I applaud this – I appreciate that sometimes council processes can be hard to navigate and I am all for groups that want to get more information, find out what’s possible and work more directly with council. These groups can be a great way to make sure you have your questions answered, gather more facts and background, understand the role of council and create the changes you think the community needs.
But you don’t need to be part of a group if you want to work more closely or know more about council. We always encourage people to be hands-on and involved in local democracy and constructive feedback is encouraged. Of course, it is much more useful if the feedback is actually constructive and directed to the right place, not only a moan on social media. As always, your Councillors are happy to meet or chat about questions and concerns.
In addition to elected representatives, Council frequently asks the community for their views and thoughts directly, for example the Harbour and Wharf master plan currently open for consultation or the Annual Plan. Feedback is welcome any time on any topic through the website, letters, emails, online, Antenno or face-to-face. We are always open to general feedback, but also specific feedback such as on Long Term Plans, changes to bylaws and so on. It is an open door policy so please just ask.
You can also let council know when you appreciate something. For example, I’d like to express how incredibly proud I am of all the work that has gone into a whole calendar of Matariki events. They are outstanding and very well attended and much appreciated by so many of us in the community. Thank you to everyone involved in this mahi.
Elections will be later this year (which is why this will be my last mayoral column for a while) and so it is a timely reminder of what a councillor does because I am sure there will be a few out there who are keen to put their name forward for this important role.
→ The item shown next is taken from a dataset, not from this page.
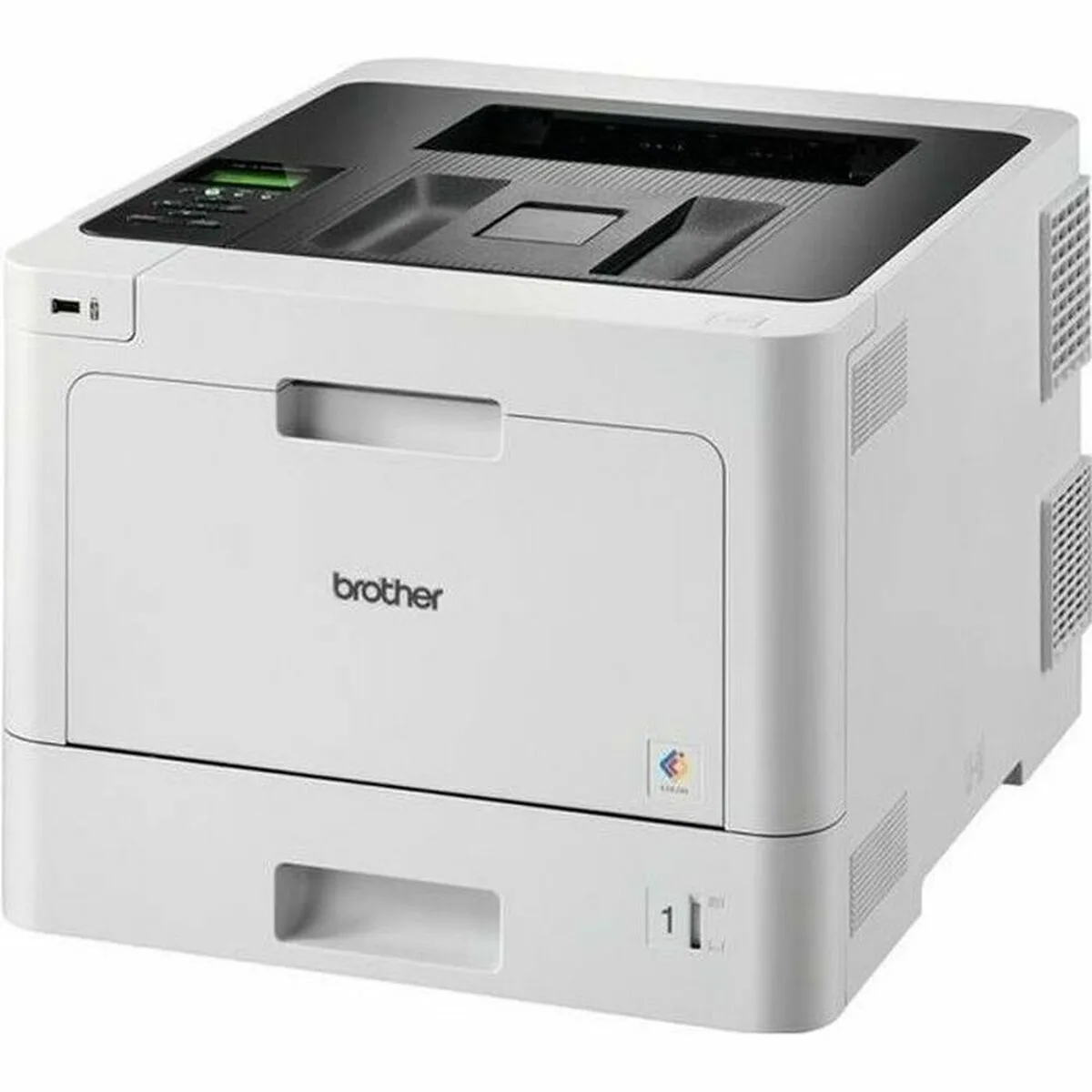Imprimante laser brother hl l8260cdw s717176185. Diaytar, c'est le cercle vertueux : des produits de qualité qui améliorent votre vie, qui vous rendent heureux, alors vous revenez.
We are all elected to make decisions on behalf of our entire community and that means we sometimes need to deal with things that we would rather leave in the “too hard basket”. As a councillor we need to bring an open mind and set aside personal interests. It also means listening to a wide range of views and not just bowing to a noisy minority or the people we spoke to most recently. It is sometimes difficult, but we need to look at the bigger picture, not just the latest opinion we heard in the supermarket. That is why the more people who give feedback to council, the better.
We make decisions for our grandchildren’s children. As the saying goes – we plant trees in whose shade we do not expect to sit.
We get reports from council. They are neutral, lay out a problem for us to consider, provide technical details and advice on the process. It is then our job to ask questions or ask for more information or to clarify things that we don’t understand. We need to make sure we have everything in front of us for an informed decision with a solid understanding of the outcomes. We can ask for more if we don’t have that.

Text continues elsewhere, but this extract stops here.